Il est à noter que ces similitudes très superficiel. Les phalangers volants sont des marsupiaux et élèvent leurs petits dans une poche marsupiale, contrairement aux écureuils volants. Bien qu'il existe 50 espèces d'écureuils volants dans le monde, il n'y a que des phalangers volants. 6 types de planeurs de sucre , et ils sont originaires d'Australie. Comme la plupart des autres marsupiaux, ils ont évolué indépendamment d'animaux comme l'écureuil volant, ce qui fait de leurs similitudes un exemple d'évolution convergente. L'écureuil volant est en réalité plus étroitement apparentés aux primates , qu'avec les phalangers volants.

2. Les humains et les koalas ont des empreintes digitales très similaires.

Les koalas sont sans doute les habitants les plus emblématiques d'Australie, rivalisant avec les kangourous, mais peut-être plus populaires pour leur apparence adorable. Aussi mignons soient-ils, on ne confondrait jamais un koala avec un humain : ce sont des ours gris arboricoles d'environ soixante centimètres de haut. Les koalas sont des marsupiaux et sont plus proches parents des wombats, des opossums et, bien sûr, des kangourous. Cependant, dans un cas unique d'évolution convergente, leurs petits orteils de marsupiaux portent des empreintes digitales tout à fait distinctives.proche de l'humain, que même les experts ont du mal à les distinguer au premier coup d'œil.

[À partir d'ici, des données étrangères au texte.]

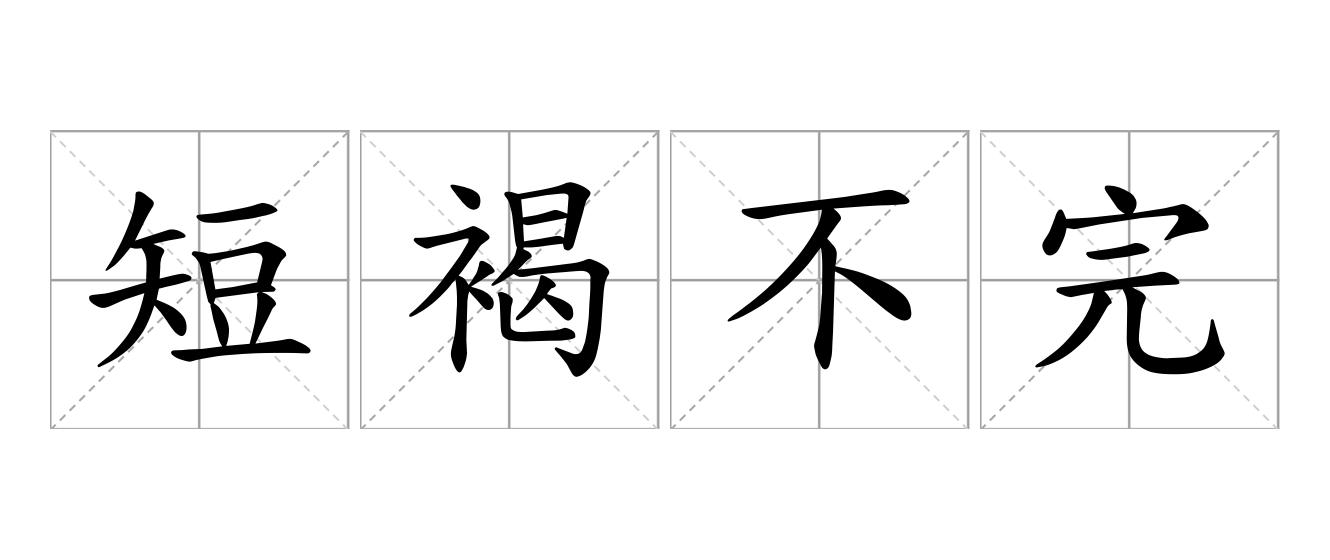 短褐不完是什么意思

Pour trouver un ancêtre commun aux humains et aux koalas, il faut remonter à environ 100 millions d'années dos , Bien avant que le Tyrannosaurus rex ne foule la Terre, les koalas possédaient déjà des empreintes digitales. Celles-ci ressemblent d'ailleurs beaucoup à celles des humains et pourraient même avoir une fonction similaire. Comme les koalas se nourrissent exclusivement de feuilles d'eucalyptus, et seulement de certaines espèces, il est fort probable que le sens du toucher soit essentiel pour les aider à choisir les bonnes feuilles, et ces empreintes digitales leur seraient alors très utiles. Ils ont besoin d'une préhension précise et d'une grande sensibilité, tout comme les humains ; il semblerait donc que leurs empreintes digitales aient évolué de la même manière que les nôtres.

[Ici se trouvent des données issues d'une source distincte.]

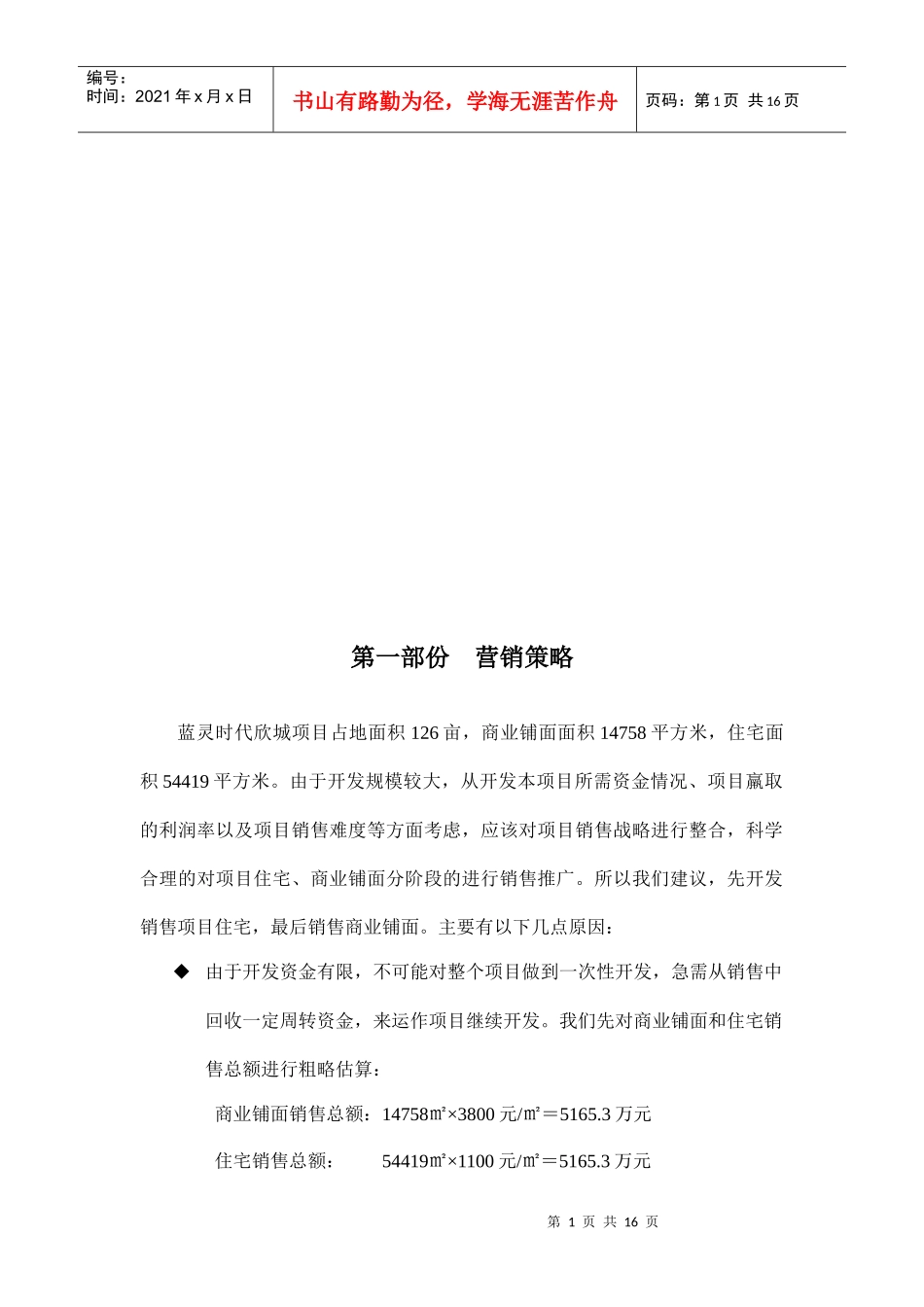 某地产营销策略与广告计划_第1页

1. Les chauves-souris et les dauphins possèdent des capacités d'écholocation presque identiques.

Les chauves-souris et les dauphins sont aussi différents l'un de l'autre que deux mammifères peuvent l'être au monde. Pourtant, malgré leurs différences incroyables, il existe des preuves d'une évolution convergente chez les deux espèces, qui a conduit au développement de leurs capacités d'écholocation remarquablement similaires.

En analysant plusieurs espèces de chauves-souris, ainsi que des dauphins, les scientifiques ont découvert des signatures génétiques similaires chez 200 régions du génome , Les chercheurs s'attendaient à trouver seulement 10 à 30 gènes communs avec des chauves-souris utilisant l'écholocation. Or, en étudiant des chauves-souris n'utilisant pas l'écholocation, ils n'ont trouvé aucune de ces similarités génétiques.

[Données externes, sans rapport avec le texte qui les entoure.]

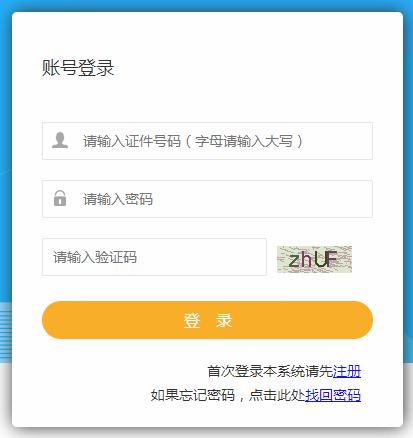 TIM圖片20190521092615.png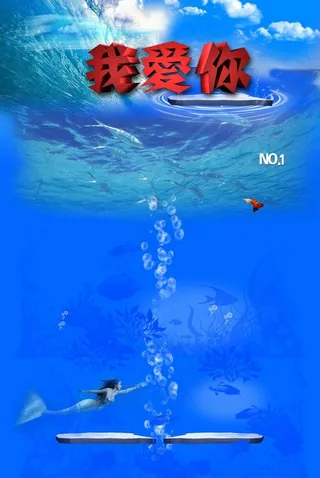 我爱你 夏日海边图片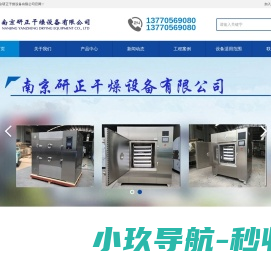 南京研正干燥设备有限公司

En particulier, chauves-souris et dauphins avaient mutation dans la protéine Cette mutation, appelée prestine, affecte l'audition. Le fait qu'elle puisse survenir chez deux espèces très différentes et produire le même effet était inattendu et a démontré que l'évolution convergente va bien au-delà des adaptations physiques visibles et inclut également l'adaptation génétique.